Re: Deadlock between logrep apply worker and tablesync worker

From: Amit Kapila <amit(dot)kapila16(at)gmail(dot)com>
To: Tom Lane <tgl(at)sss(dot)pgh(dot)pa(dot)us>
Cc: pgsql-hackers(at)lists(dot)postgresql(dot)org
Subject: Re: Deadlock between logrep apply worker and tablesync worker
Date: 2023-01-23 06:08:51
Message-ID: CAA4eK1KqcjfwOo-UDc33c-qvjyGKqpijwydWOfX7seLNAi9L1w@mail.gmail.com
Views: Raw Message | Whole Thread | Download mbox | Resend email
Thread:
Lists: pgsql-hackers

On Mon, Jan 23, 2023 at 1:29 AM Tom Lane <tgl(at)sss(dot)pgh(dot)pa(dot)us> wrote:
>
> Another thing that has a bad smell about it is the fact that
> process_syncing_tables_for_sync uses two transactions in the first
> place. There's a comment there claiming that it's for crash safety,
> but I can't help suspecting it's really because this case becomes a
> hard deadlock without that mid-function commit.
>
> It's not great in any case that the apply worker can move on in
> the belief that the tablesync worker is done when in fact the latter
> still has catalog state updates to make.

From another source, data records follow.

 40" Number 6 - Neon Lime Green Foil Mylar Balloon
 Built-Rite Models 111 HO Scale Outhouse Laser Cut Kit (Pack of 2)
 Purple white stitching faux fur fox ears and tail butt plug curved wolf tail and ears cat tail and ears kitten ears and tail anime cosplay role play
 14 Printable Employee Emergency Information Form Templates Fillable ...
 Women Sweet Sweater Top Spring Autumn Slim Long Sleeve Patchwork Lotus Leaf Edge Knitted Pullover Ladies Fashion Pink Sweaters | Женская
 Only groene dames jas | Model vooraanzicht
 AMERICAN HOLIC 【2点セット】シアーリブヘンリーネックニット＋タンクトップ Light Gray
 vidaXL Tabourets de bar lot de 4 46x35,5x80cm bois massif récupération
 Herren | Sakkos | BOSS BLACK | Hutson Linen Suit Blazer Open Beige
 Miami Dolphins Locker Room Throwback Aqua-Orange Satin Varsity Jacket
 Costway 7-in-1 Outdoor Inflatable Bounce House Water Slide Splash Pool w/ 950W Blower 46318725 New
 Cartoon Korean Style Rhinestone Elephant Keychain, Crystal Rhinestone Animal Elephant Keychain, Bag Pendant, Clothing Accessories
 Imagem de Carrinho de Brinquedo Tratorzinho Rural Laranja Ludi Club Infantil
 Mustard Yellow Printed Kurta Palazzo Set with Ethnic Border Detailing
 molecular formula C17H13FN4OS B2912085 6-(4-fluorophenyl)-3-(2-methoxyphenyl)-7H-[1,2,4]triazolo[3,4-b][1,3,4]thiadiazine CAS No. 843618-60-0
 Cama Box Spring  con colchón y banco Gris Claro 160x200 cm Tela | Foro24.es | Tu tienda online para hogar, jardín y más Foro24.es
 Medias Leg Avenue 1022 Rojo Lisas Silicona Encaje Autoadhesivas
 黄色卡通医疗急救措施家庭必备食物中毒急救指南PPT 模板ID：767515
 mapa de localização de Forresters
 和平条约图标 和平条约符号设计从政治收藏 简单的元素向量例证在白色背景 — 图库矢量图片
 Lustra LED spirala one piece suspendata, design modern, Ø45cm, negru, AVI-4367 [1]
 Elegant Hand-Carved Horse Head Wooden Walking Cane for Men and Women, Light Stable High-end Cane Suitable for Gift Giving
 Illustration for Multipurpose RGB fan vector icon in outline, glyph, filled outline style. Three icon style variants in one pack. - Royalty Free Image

And I wonder what we're
> doing with having both of them calling replorigin_drop_by_name
> ... shouldn't that responsibility belong to just one of them?
>

Originally, it was being dropped at one place only (via tablesync
worker) but we found a race condition as mentioned in the comments in
process_syncing_tables_for_sync() before the start of the second
transaction which leads to this change. See the report and discussion
about that race condition in the email [1].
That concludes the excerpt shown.